Two artists come together who at first glance represent completely different ways of working. On the one hand a director who mostly takes strong literary texts, analyses their formal and historical conditions and then creates a productive connection between them and contemporary experience. For her, a good source text is a linguistic score, a composition. During rehearsals, the ‘music’ inherent in each work emerges, unfurling in the actors’ bodies and in the space. At the end of a rehearsal period, precise arrangements will have been made that guarantee the freedom to develop things further while still maintaining the ability to reproduce the overall structure.
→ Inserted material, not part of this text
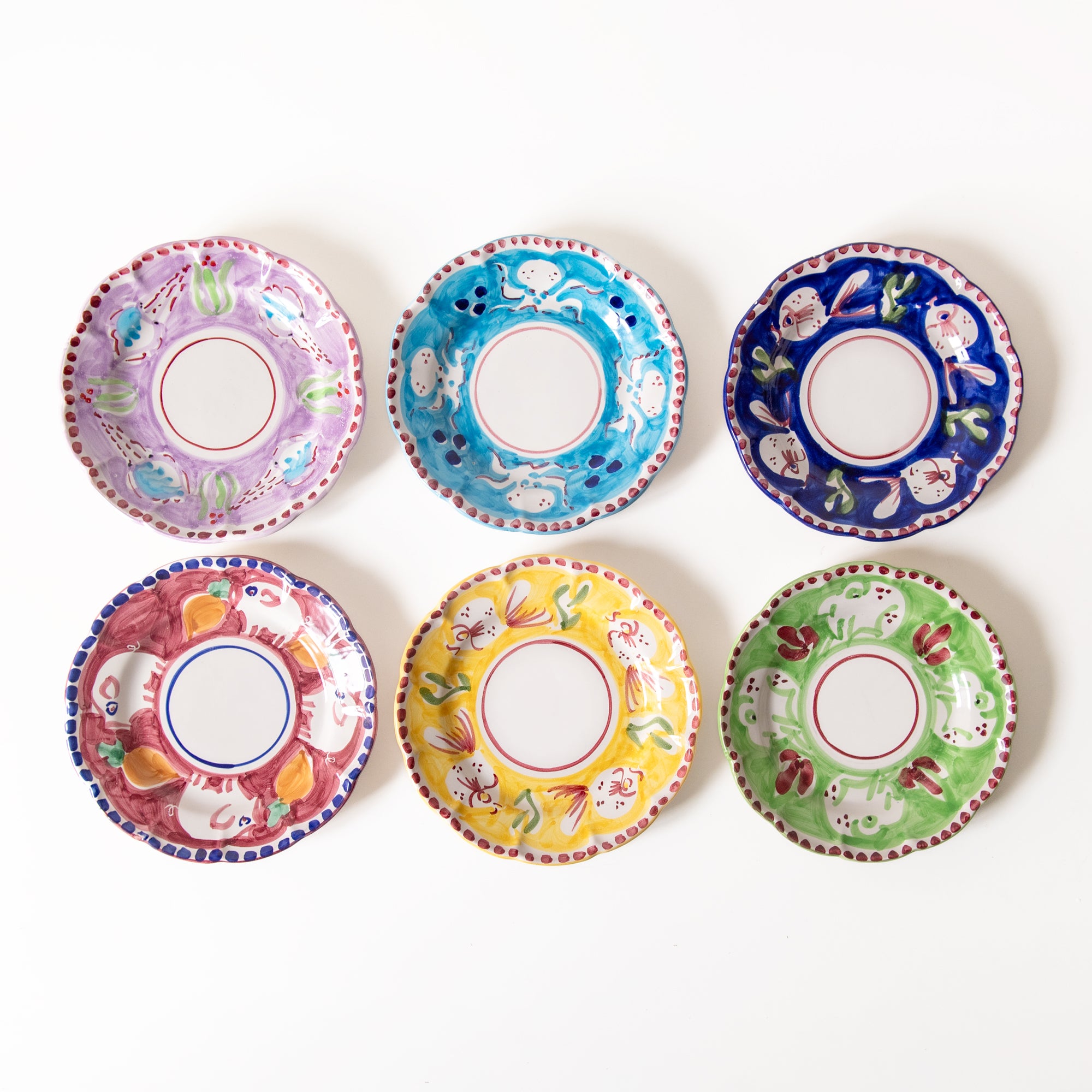 Animaletti Frutta Plates Set of 6, from Casa Amalfi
On the other hand is the performer, who makes an analytical incision through the entire theatrical setting and integrates the reflection of the interplay and the asymmetry between performers and audience into the instance of her performance. Who probably couldn’t care less that the musical arc of the language is ‘set’ in such a way that the tension or lack thereof that has been built up is released on exactly the right beat. The underlying aesthetic and political assumptions that the theatre more or less takes for granted as a social agreement, themselves become the subject of the negotiation in the performance. By revealing the rules of the game, the ‘theatre system’ exposes itself to a productive threat. What the two artists have in common is their passion for research – exposing theatrical methods, conceiving of theatre, performance, as a semiotic system with different rules, affirming those rules, changing them, almost tearing them up without being able to repeal them entirely.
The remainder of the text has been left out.